Create README.md

README.md

@@ -0,0 +1,163 @@
+---
+language: rw
+datasets:
+- common_voice
+metrics:
+- wer
+tags:
+- audio
+- automatic-speech-recognition
+- speech
+- xlsr-fine-tuning-week
+license: apache-2.0
+model-index:
+- name: XLSR Wav2Vec2 Large Kinyarwanda with apostrophes
+  results:
+  - task: 
+      name: Speech Recognition
+      type: automatic-speech-recognition
+    dataset:
+      name: Common Voice rw
+      type: common_voice
+      args: rw
+    metrics:
+       - name: Test WER
+         type: wer
+         value: 39.92
+---
+
+# Wav2Vec2-Large-XLSR-53-rw
+
+Fine-tuned [facebook/wav2vec2-large-xlsr-53](https://huggingface.co/facebook/wav2vec2-large-xlsr-53) on Kinyarwanda using the [Common Voice](https://huggingface.co/datasets/common_voice) dataset, using about 25% of the training data (limited to utterances without downvotes and shorter with 9.5 seconds), and validated on 2048 utterances from the validation set.
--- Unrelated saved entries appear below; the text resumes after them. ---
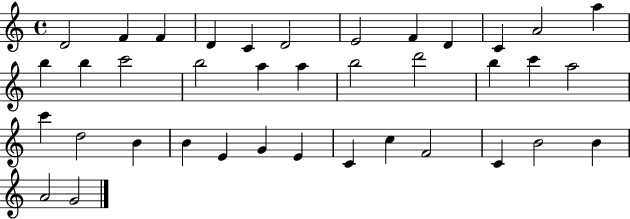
D4/h F4/q F4/q D4/q C4/q D4/h E4/h F4/q D4/q C4/q A4/h A5/q B5/q B5/q C6/h B5/h A5/q A5/q B5/h D6/h B5/q C6/q A5/h C6/q D5/h B4/q B4/q E4/q G4/q E4/q C4/q C5/q F4/h C4/q B4/h B4/q A4/h G4/h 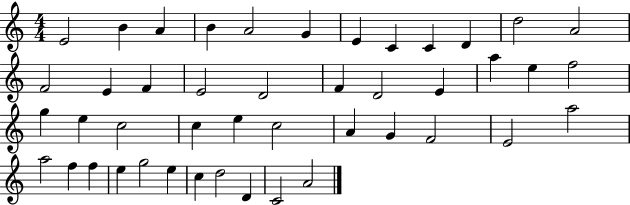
X:1
T:Untitled
M:4/4
L:1/4
K:C
E2 B A B A2 G E C C D d2 A2 F2 E F E2 D2 F D2 E a e f2 g e c2 c e c2 A G F2 E2 a2 a2 f f e g2 e c d2 D C2 A2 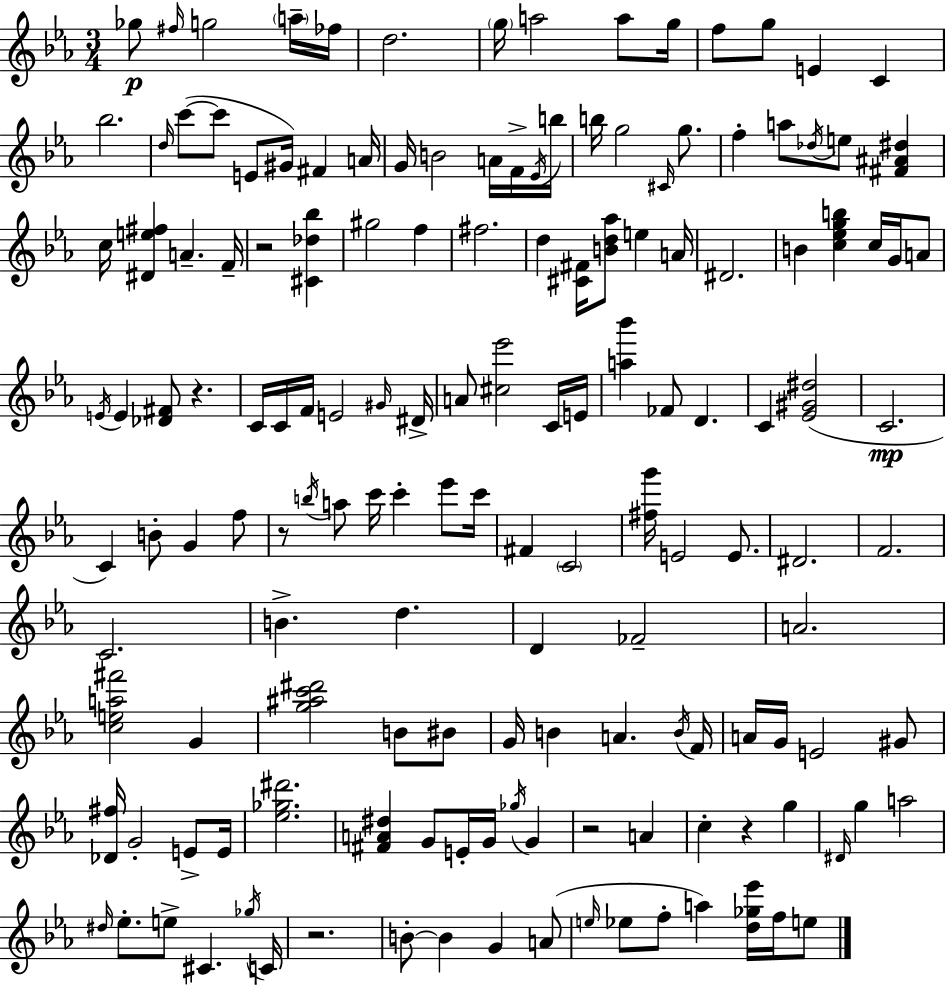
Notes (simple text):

Gb5/e F#5/s G5/h A5/s FES5/s D5/h. G5/s A5/h A5/e G5/s F5/e G5/e E4/q C4/q Bb5/h. D5/s C6/e C6/e E4/e G#4/s F#4/q A4/s G4/s B4/h A4/s F4/s Eb4/s B5/s B5/s G5/h C#4/s G5/e. F5/q A5/e Db5/s E5/e [F#4,A#4,D#5]/q C5/s [D#4,E5,F#5]/q A4/q. F4/s R/h [C#4,Db5,Bb5]/q G#5/h F5/q F#5/h. D5/q [C#4,F#4]/s [B4,D5,Ab5]/e E5/q A4/s D#4/h. B4/q [C5,Eb5,G5,B5]/q C5/s G4/s A4/e E4/s E4/q [Db4,F#4]/e R/q. C4/s C4/s F4/s E4/h G#4/s D#4/s A4/e [C#5,Eb6]/h C4/s E4/s [A5,Bb6]/q FES4/e D4/q. C4/q [Eb4,G#4,D#5]/h C4/h. C4/q B4/e G4/q F5/e R/e B5/s A5/e C6/s C6/q Eb6/e C6/s F#4/q C4/h [F#5,G6]/s E4/h E4/e. D#4/h. F4/h. C4/h. B4/q. D5/q. D4/q FES4/h A4/h. [C5,E5,A5,F#6]/h G4/q [G5,A#5,C6,D#6]/h B4/e BIS4/e G4/s B4/q A4/q. B4/s F4/s A4/s G4/s E4/h G#4/e [Db4,F#5]/s G4/h E4/e E4/s [Eb5,Gb5,D#6]/h. [F#4,A4,D#5]/q G4/e E4/s G4/s Gb5/s G4/q R/h A4/q C5/q R/q G5/q D#4/s G5/q A5/h D#5/s Eb5/e. E5/e C#4/q. Gb5/s C4/s R/h. B4/e B4/q G4/q A4/e E5/s Eb5/e F5/e A5/q [D5,Gb5,Eb6]/s F5/s E5/e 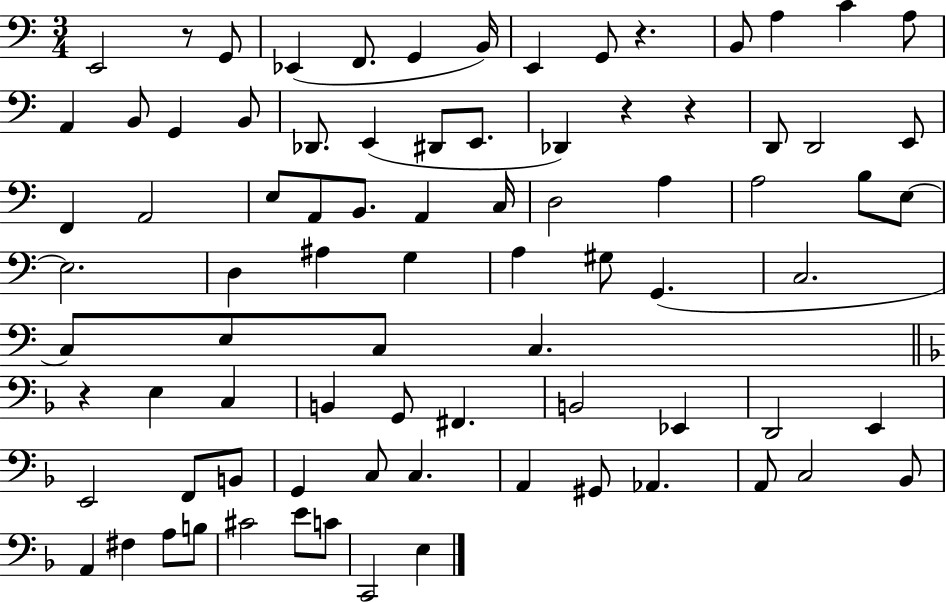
X:1
T:Untitled
M:3/4
L:1/4
K:C
E,,2 z/2 G,,/2 _E,, F,,/2 G,, B,,/4 E,, G,,/2 z B,,/2 A, C A,/2 A,, B,,/2 G,, B,,/2 _D,,/2 E,, ^D,,/2 E,,/2 _D,, z z D,,/2 D,,2 E,,/2 F,, A,,2 E,/2 A,,/2 B,,/2 A,, C,/4 D,2 A, A,2 B,/2 E,/2 E,2 D, ^A, G, A, ^G,/2 G,, C,2 C,/2 E,/2 C,/2 C, z E, C, B,, G,,/2 ^F,, B,,2 _E,, D,,2 E,, E,,2 F,,/2 B,,/2 G,, C,/2 C, A,, ^G,,/2 _A,, A,,/2 C,2 _B,,/2 A,, ^F, A,/2 B,/2 ^C2 E/2 C/2 C,,2 E, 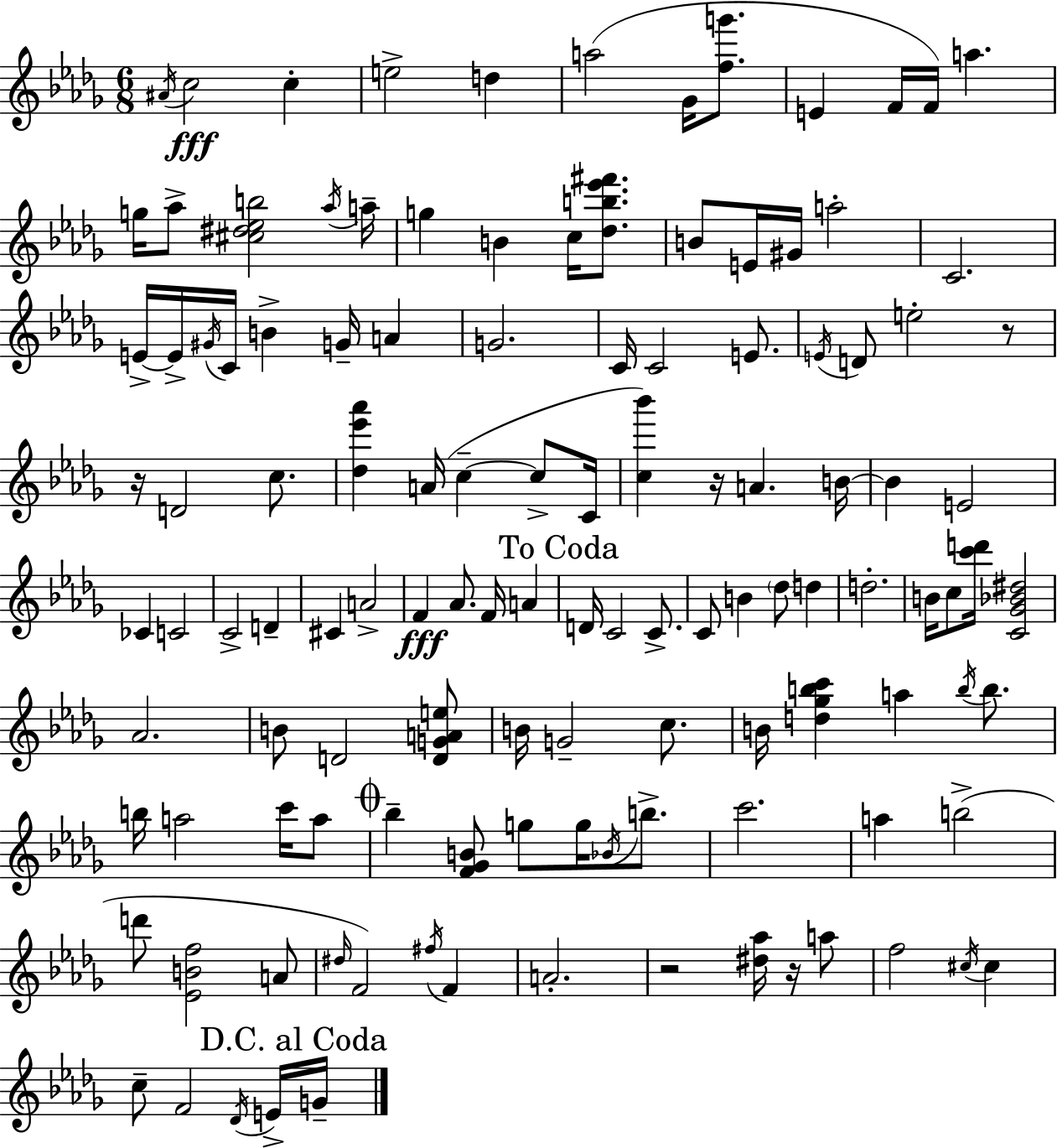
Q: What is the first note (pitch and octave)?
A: A#4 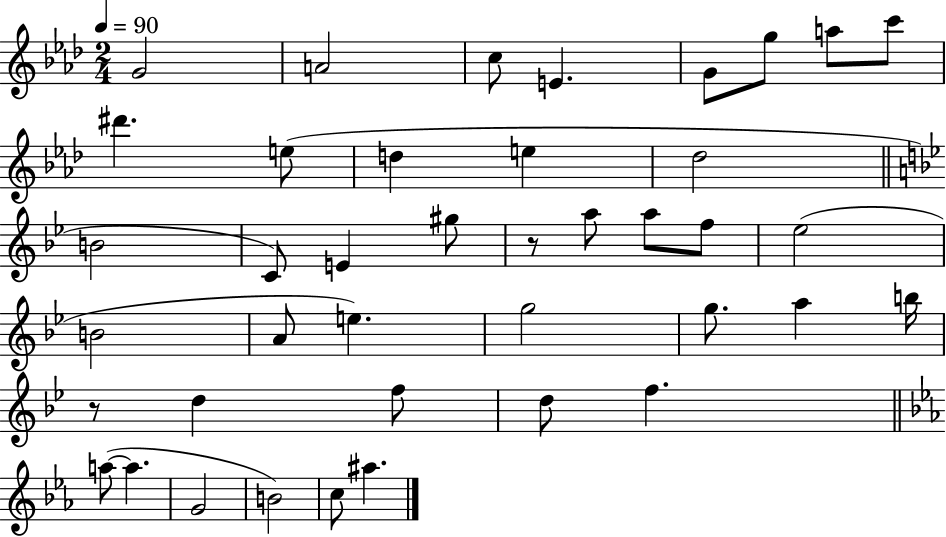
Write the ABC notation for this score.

X:1
T:Untitled
M:2/4
L:1/4
K:Ab
G2 A2 c/2 E G/2 g/2 a/2 c'/2 ^d' e/2 d e _d2 B2 C/2 E ^g/2 z/2 a/2 a/2 f/2 _e2 B2 A/2 e g2 g/2 a b/4 z/2 d f/2 d/2 f a/2 a G2 B2 c/2 ^a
In contrast to the [lucio/wav2vec2-large-xlsr-kinyarwanda](https://huggingface.co/lucio/wav2vec2-large-xlsr-kinyarwanda) model, which does not predict any punctuation, this model attempts to predict the apostrophes that mark contractions of pronouns with vowel-initial words, but may overgeneralize.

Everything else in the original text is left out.